Independent Consulting: An Alternative to Employment

I started working for myself due to a challenging boss. I had never experienced that level of upset in a working situation. I was convinced it was because I was powerless as an employee and vowed to achieve my sovereignty through this experience. It wasn’t personal, that’s how any employee would be treated in a bad system. Even though I had people above me that seemed to highly regard my work (automation specialist), they could not help me. When I started looking around I realized that there was a whole world of higher paying more rewarding work situations wrapped up in contracts. As an independent consultant, I was treated better, paid more, trained myself in what I liked and had autonomy. I never looked back. I started CPI back in 2000. I could be as honest as called for and didn’t represent a vendor or an agenda except what was right and strategic for the client.
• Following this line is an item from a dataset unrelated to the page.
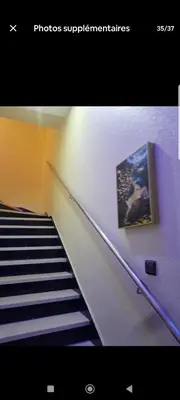 a photograph of a staircase with a picture on the wall at تجزئة الباهية in Meknès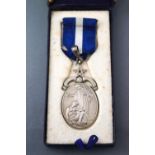 A silver pendant medal in fitted case. Hallmarked sterling silver, London, 1951. 38.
I was no different than a hardware or software budget line but I was being up-front about my services as a commodity. It seemed to be a more balanced arrangement in power and optionality for us both.

The ICCA and Ethics

So, I come from a very different time where many of my proud tribe would be in organization (i.e. ICCA Independent Computer Consultants Association ) and even swear an oath to a code of ethics. 


Now, In 2019, it seems an industry-wide hegemony that all tech-workers are salaried employees. In 2020 state laws (in NJ,MA and CA) have been structured to mandate employment to protect gig-workers (Uber,Lyft drivers) from the greed of ridesharing companies. This a significant development and a shift in both ideological framing of tech workers but also underneath, a shift in how we see our work and our very-relation to the products/services created: Our very relation to our work and ourselves. It’s an existential dilemma. I see a great movement of workers challenging the ethics of companies engaged in reforming ethics in large companies. At some point, it make sense to create an eco-system of highly skilled, but autonomous labor force that has a why outside these influencers. The last time I checked the engineers and technical folks were the talent in the room and had greater power than they were manifesting in these bigger companies.

Years later, the aforementioned boss contacted me via email, apologizing for the past. I had just locked down my best indie contract (remote) for a multinational and was pretty giddy about it. I was tempted to buy a gift for changing my life for the better, albeit inadvertently. They had asked for forgiveness (that was pretty nice) and I gave it gladly, knowing that empathy would be more powerful for me personally. Yet, I never forgot how I was treated, how it made me feel, and how he nature of employment can be a rough road; much rougher than I was willing to accept.

Some would rather have clients to delight and have to compete with others over skills, rather than being a happy/unhappy subject in a bad system. As independents, we can pay for certifications, training, retirement, insurance etc. It’s not a bad deal at all. Problem is that now the ecosystem is changing to a locked-down less independent model and that is a damn shame.